U.S. Pat. No. 4,789,644 to Meda shows a process of forming an insulated gate field-effect transistor (IGFET) wherein polysilicon is deposited over single crystal silicon, ions are selectively implanted through the polysilicon and into the single crystal silicon so as to render the polysilicon amorphous. Recrystallization heat treatment is then performed at temperatures of between 450.degree.-600.degree. C. to recrystallize the implanted, amorphous silicon by SPE as single crystal silicon. These recrystallized regions comprise the source and drain, respectively, of the IGFET.
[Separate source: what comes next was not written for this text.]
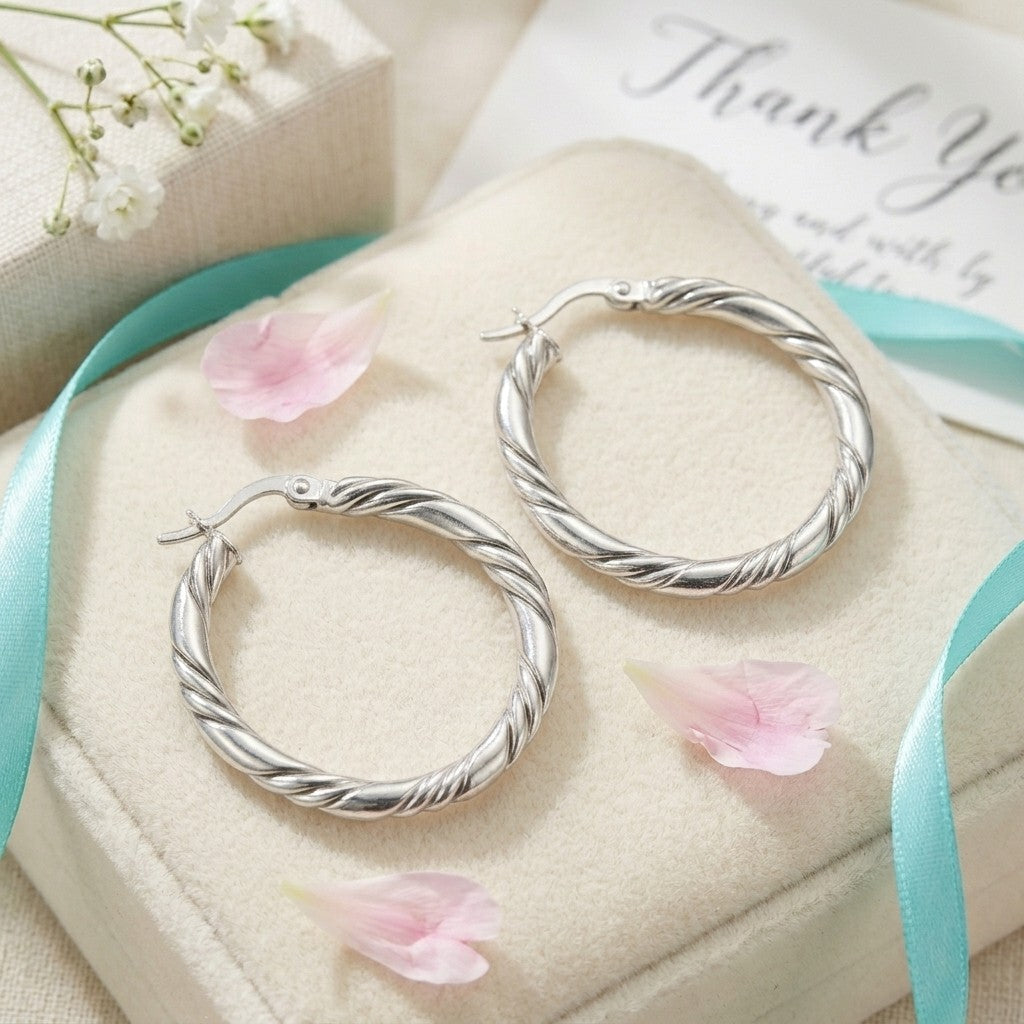 Aramat Jewels silver-coloured stainless steel twisted hoop earrings, 30mm diameter, with a 3-thread design.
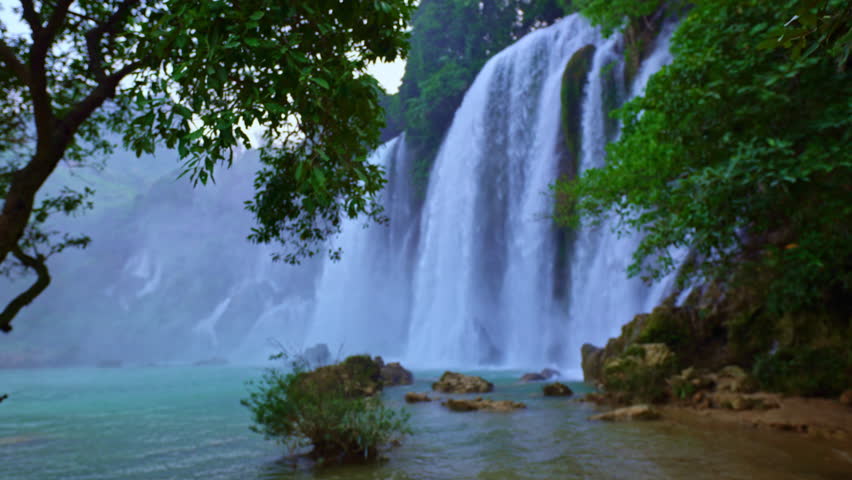 A serene twilight scene featuring cascading the great Ban Gioc Waterfall surrounded by lush greenery. the sky transitions from day to dusk, creating a peaceful and atmospheric moment in nature.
Zhu, E., "Amorphous Si/Si Heterojunction Microwave Transistors," IEEE Electron Device Letters, Vol 10, No. 1, January 1989, pps. 4-6, discusses the formation of a heterojunction bipolar transistor wherein low-temperature, plasma-enhanced chemical vapor deposition (PECVD) is used to form an amorphous silicon emitter. This process results in high emitter resistance.
Another example wherein low temperature processes are beneficially used is that of forming heterojunction bipolar transistors (HBT). For a description of an HBT, see Patton, G. L., et al., "Silicon-Germanium-Base Heterojunction Bipolar Transistors by Molecular Beam Epitaxy", IEEE Electron Device Letters, Vol. 9, No. 4, April 1988, pps. 165-167. In the above mentioned device, very thin base region is formed using molecular beam epitaxy (MBE) at temperatures below about 550.degree. C. However, no practical, bulk manufacturing process is known using MBE base.
Processes for forming HBT transistors are known wherein ultra-thin base regions are formed using the ultrahigh vacuum chemical vapor deposition (UHV/CVD) process shown, for example, in Meyerson, B. S., et al. "Low Temperature Silicon Epitaxy by Hot Wall Ultrahigh Vacuum/Low pressure Chemical Vapor Deposition Techniques: Surface Optimization", J. Electrochem. Soc.: Solid-State Science and Technology, Vol. 133, No. 6, pps. 1232-1235. However, such processes have suggested the use of a higher temperature process to form the emitter region. Such a high temperature can cause boron diffusion leading to increase in base width. It can also cause dislocations to form in the strained Si-Ge layer, resulting in degradation of transistor characteristics and yield.
In fact, no acceptable process for bulk manufacturing transistors, particularly HBT transistors, is known to the present inventors which includes a low temperature process for forming the transistor emitter. As mentioned above, known processes which utilize UHV/CVD to form ultrathin base regions have utilized high temperature emitter fabrications. In specific, the low temperature used (less than 700.degree. C.) in these processes are beneficial for fabricating very narrow base width (500 .ANG. to 2000 .ANG.) devices.
U.S. Pat. No. 4,523,370 issued to Sullivan and Collins, June 1985 claims process improvements to achieve narrow base widths and abrupt base-collector and base-emitter junctions. In his process, he deposits a polysilicon base layer with an in-situ doping at low temperature over the single crystal collector region, and converts the polycrystalline region to single crystal by annealing at about 1200.degree. C. for 10 seconds, thereby converting the polycrystal into single crystal by solid phase epitaxy. This has been claimed to establish a sharp collector-base junction.